Esse é um exemplo leve de como o diálogo é uma ferramenta esquecida na educação. É um exemplo suave, em contraste com as muitas situações de confronto e agressividade originadas no mutismo seletivo que reina em nossas instituições de ensino.
Quando falo de ausência de diálogo na educação, falo essencialmente de ausência de reconhecimento. Quando falo de ausência de diálogo, falo de imposição, falo de verticalidade, falo de autoritarismo. Falo de colonização do ser.
Bauman diz que diálogo é ferramenta de sobrevivência. Quem sou eu para discordar de Bauman?

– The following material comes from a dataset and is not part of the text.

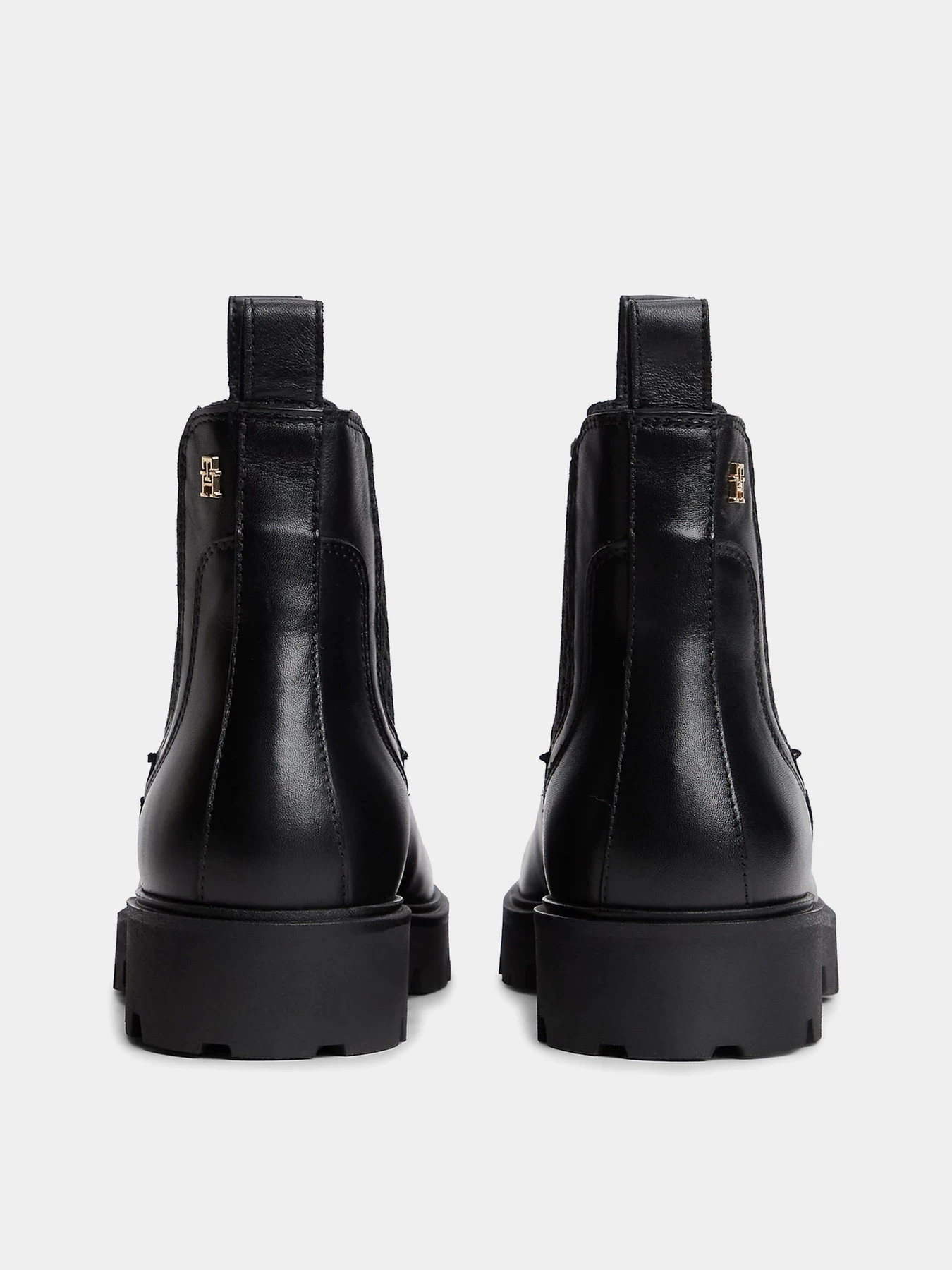 Ботинки и сапоги Tommy Hilfiger TH MONOGRAM LEATHER CHELSEA BO модель FW0FW09562-BDS Ботинки и сапоги Tommy Hilfiger TH MONOGRAM LEATHER CHELSEA BO модель FW0FW09562-BDS Фото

Entretanto, faço um adendo: Diálogo é ferramenta de encontro, de aprendizado e especialmente, de descolonização do ser. Se nesse século 21 queremos de verdade estabelecer novas relações de ensino/aprendizagem, então precisamos com urgência reconhecer os aprendizes como seres que já são, que tem preferências, que têm interesses genuínos e que merecem ser escutados de forma afetiva e presente.
Para isso, precisamos visitar e experimentar uma nova comunicação, que contemple o diálogo tônico como mídia de encontro para além do verbal, que reconheça a escuta afetiva como técnica praticável e que merece ser trabalhada com consciência e vivencie a visão sistêmica como ferramenta de empatia, de reconhecimento de mapa de mundo, de respeito e entendimento.
O convite para educadores, para pais, para cidadãos ativos, é que mergulhemos novamente em nós mesmos, que nos re-sensibilizemos, que sejamos mais conscientes da importância do diálogo e que assumamos co-responsabilidade nesse processo orgânico e vivo de fazer educação como jardinagem (vide Ken Robinson).